1 Amilcar Cabral fait savoir son attachement à la notion de culture et d’histoire comme les moyens les plus surs pour subvertir et combattre le colonialisme et l’impérialisme, et leurs nouvelles configurations

2 Jose Marti fait une correspondance épistolaire avec Jose Joachim Palma (Guatemala, 1878, vol. 1, tome 1, p. 376). Cette citation est reprise par Ray Autra, Préface de Sikasso ou la dernière citadelle suivi de Chaka, Honfleur : Pierre Jean Oswald, 1970 : 5-23. Voir p. 10.

3 Voir toujours Jose Marti. La Pampa, Jugement critique, vol. I, tome I, p.743, ou il est cite par Ray Autra dans la préface de Sikasso ou la dernière citadelle suivi de Chaka.

4 Ibid.
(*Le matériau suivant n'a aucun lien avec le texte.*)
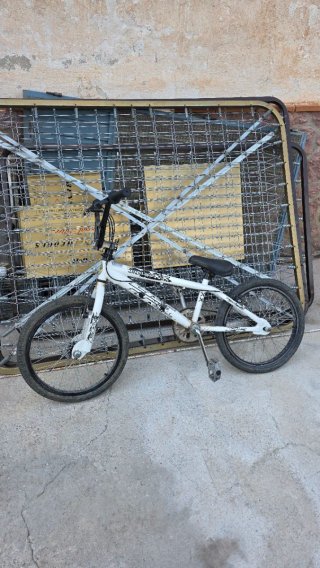 Bicicleta BMX Blanca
Ray Autra citant Jose Marti dans Sikasso ou la dernière citadelle suivi de Chaka.

5 Il disait au deuxième Congrès des Ecrivains et Artistes Noirs à Rome en 1959 dans une communication intitulée « Le leader considéré comme le représentant d’une culture » que « Il ne suffit pas d’écrire un chant révolutionnaire pour participer a la révolution africaine, il faut faire cette révolution avec le peuple. Avec le peuple et les chants viendront seuls et d’eux-mêmes.

Pour avoir une action authentique, il faut être soi-même une part vive de l’Afrique et de sa pensée, un élément de cette énergie populaire toute entière mobilisée pour la libération, le progrès et le bonheur de l’Afrique. Il n’y a aucune place en dehors de ce seul combat ni pour l’artiste, ni pour l’intellectuel qui n’est pas lui-même engage et totalement mobilise avec le peuple dans le grand combat de l’Afrique et de l’humanité souffrante.» Sékou Touré est cité par Frantz Fanon dans Les damnés de la terre, Editions La Découverte, 1987, p. 151.

REFERENCES BIBLIOGRAPHIQUE ET DISCOGRAPHIQUE

Fanon, Frantz Les damnés de la terre, Paris : Editions La Découverte, 1987.

Niane, Djibril Tamsir. Sikasso ou la dernière citadelle suivi de Chaka, Honfleur : Pierre Jean Oswald, 1970.

Camara, Aboubacar Demba. Regard sur le passé, 1973.